Herr Snowden hat uns Bürger aufgeklärt, das die Bürgerliche-, das die Wirtschaftliche-, und das die Politische- Überwachung standard sind.
Warum wird mit den USA verhandelt, wenn der Handelspartner doch sowieso weiß was wir unbedingt durchsetzen möchten und auf was wir verzichten könnten? Allein die Wirtschaftsspionage ist eine rießen Gefahr, dazu noch die Politische Überwachung, ich wiederhole, warum verhandeln wir überhaupt? Die wissen doch sowieso schon was wir durchsetzten müssen und auf was wir verzichten könnten.
Aber auch die Bürgerüberwachung ist unbegründbar, theoretisch könnte jeder Systemskritische mit Informationen dieser Überwachungen Mundtot erpresst werden, wenn dies nicht sogar schon längst passiert.
Als damals die Stasi seinen Bürgern überwacht hat, wurde dies immer stark verurteilt, zurecht. Aber in diesem konkreten Fall wie Herr Snowden, sieht Ihre Partei das anders. Er wird ausschließlich aus Politischen/Militärischen Gründen verfolfgt. Ist es nicht unsere Aufgabe diesen Menschen zu helfen? Zudem bin ich davon fest überzeugt das wir Bürger einen Anspruch darauf haben, dass Gesetztsetzbrüche korrekt vor einem (Internationalen-)Gericht verhandelt werden müssen. Wenn ein souveräner Staat noch nichtmals auf höchster Regierungsebene mit Rechtsstaatlichen mitteln agieren kann, dann wird der Rechtsstaat unglaubwürdig.

Mit freundlichem gruß,
J.Müller

Dirk Wiese, Kandidat der SPD für den 20. Deutschen Bundestag
Antwort von
SPD

Sehr geehrter Herr Müller,

vielen Dank für Ihre Frage. Ich freue mich, dass Sie den Dialog mit mir suchen.

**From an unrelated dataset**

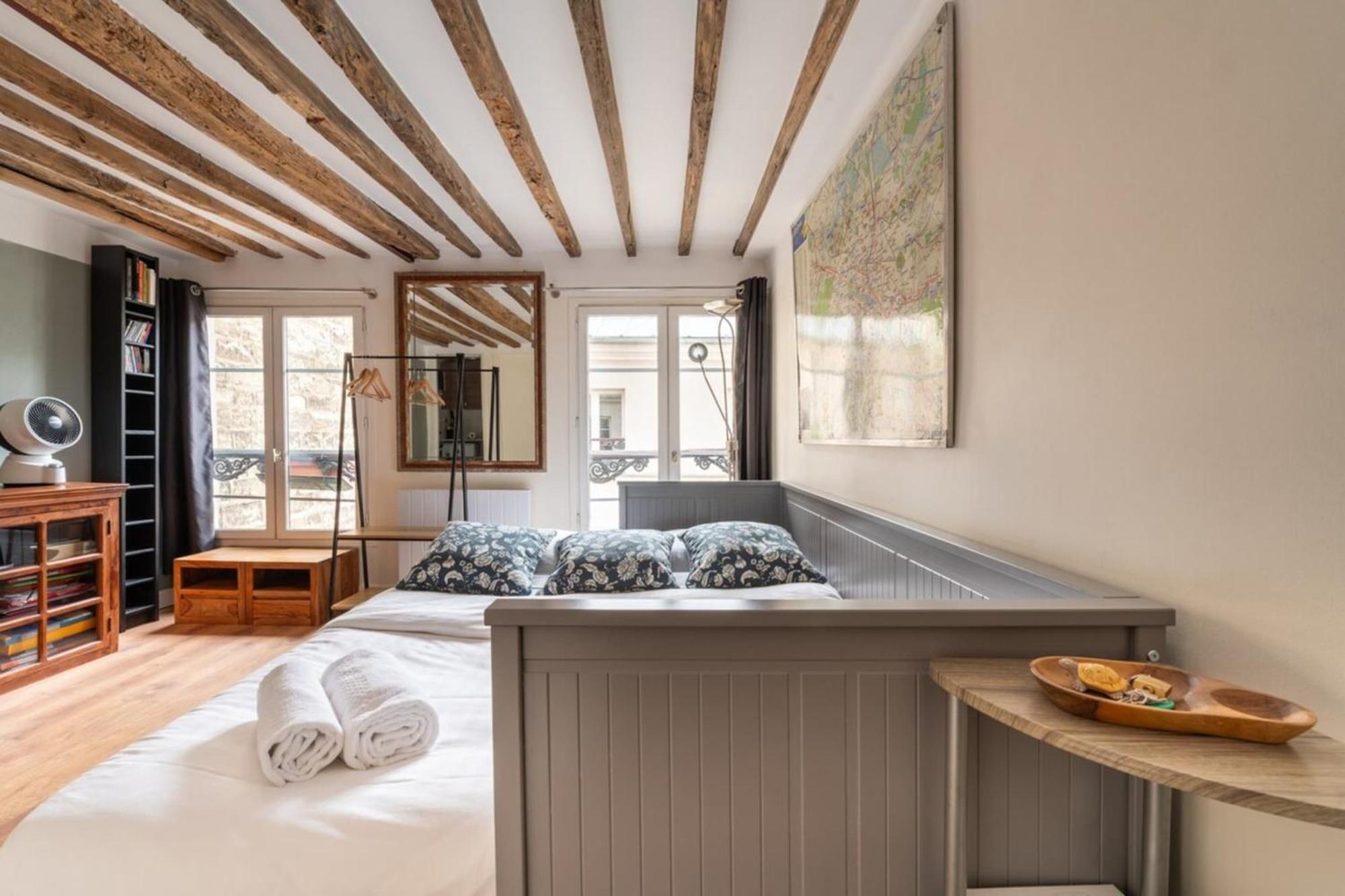 Central Parisian-style Studio Apart - Sentier * Paris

Edward Snowden hat uns auf eine skandalöse Überwachung aufmerksam gemacht, von der wir ohne sein Handeln vermutlich bis heute nichts wüssten. Aus diesen Erkenntnissen müssen wir Konsequenzen ziehen. Meine Fraktion hat hierfür Vorschläge gemacht, die Sie in der Bundestags-Drucksache 17/14677 nachlesen können.

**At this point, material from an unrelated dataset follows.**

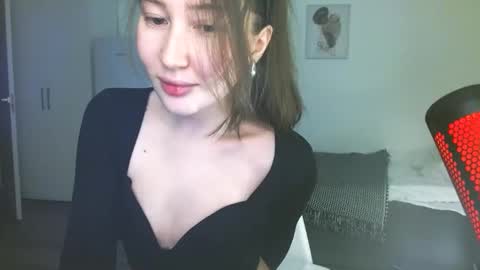 Lets talk here 33.  online show from 02.06.25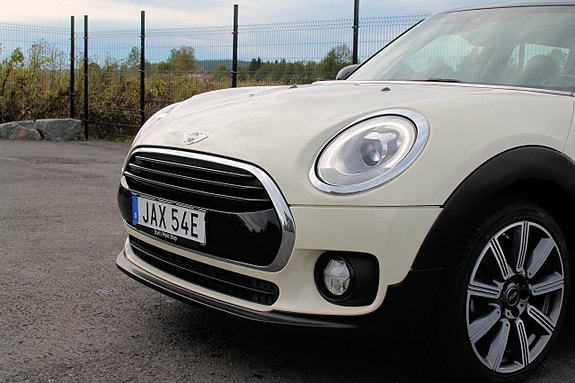 MINI Clubman Cooper 12 of 30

Dort werden Sie allerdings nicht die von Ihnen erhobene Forderung finden, Edward Snowden Asyl in Deutschland zu gewähren. Gerne erläutere ich Ihnen, weshalb sich die SPD-Bundestagsfraktion nicht dafür ausgesprochen hat, Edward Snowden Asyl in Deutschland zu gewähren. Ein Asylantrag im engeren Sinne wäre nicht begründet. Ein solcher Antrag bezieht sich in Deutschland auf verschiedene Schutzformen: Schutz als politisch Verfolgter nach dem grundgesetzlichen Asyl, als Flüchtling nach der Genfer Flüchtlingskonvention oder als sogenannter subsidiär Schutzberechtigter nach der Europäischen Menschenrechtskonvention. Für jede dieser Schutzformen kann ein Antrag grundsätzlich erst auf deutschem Hoheitsgebiet gestellt werden. Herr Snowden ist aber nicht in Deutschland. Deshalb hat das Bundesministerium des Innern (BMI) seinen Antrag im Sommer 2013 abgelehnt.

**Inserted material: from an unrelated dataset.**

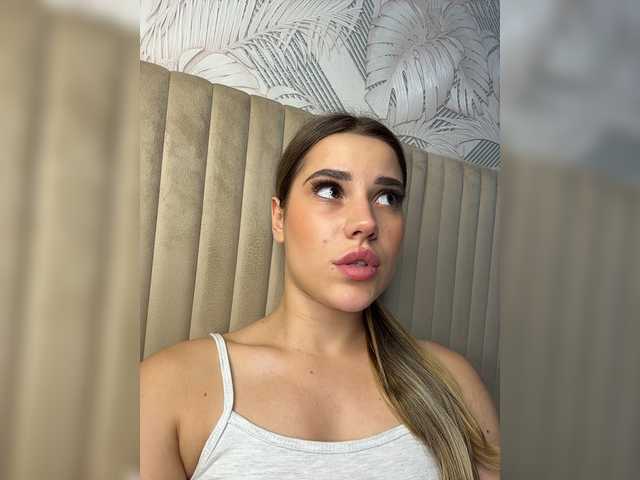 le modèle Elisavetaa est en webcam porno dans un show sur le site bongacams, il possède les tags suivants: White/Caucasian,Blonde,Shaved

Selbst wenn Herr Snowden einen Antrag auf deutschem Boden stellen würde, wäre der voraussichtlich nicht begründet. Ihm droht in den USA ein Strafverfahren. Im internationalen Flüchtlingsschutz ist anerkannt, dass ein Strafverfahren, solange es rechtsstaatlichen Grundsätzen folgt, keine asylrelevante Verfolgung ist. Andernfalls könnten sich Straftäter durch Flucht in andere Staaten stets der Strafverfolgung entziehen. Im Fall, den wir hier diskutieren, geht es insbesondere um Geheimnisverrat, also die unerlaubte Weitergabe von vertraulichen Informationen. Es ist nicht ungewöhnlich, dass die USA diese unter Strafe stellen. Im Gegenteil, alle Staaten tun dies. Sie sind zum Schutz ihrer nationalen Sicherheit darauf angewiesen, dass bestimmte Informationen nicht an die Öffentlichkeit gelangen. Juristisch gibt es aber einen anderen Weg, den man diskutieren kann: Das Aufenthaltsgesetz eröffnet in § 22 die Möglichkeit, einen Ausländer aus dem Ausland aufzunehmen, wenn völkerrechtliche, dringende humanitäre Gründe oder die Wahrung politischer Interessen der Bundesrepublik dafür sprechen. Mit anderen Worten: Wir haben eine weite Generalklausel, die es uns ermöglichen würde, Herrn Snowden aufzunehmen, wenn wir uns politisch dafür entscheiden.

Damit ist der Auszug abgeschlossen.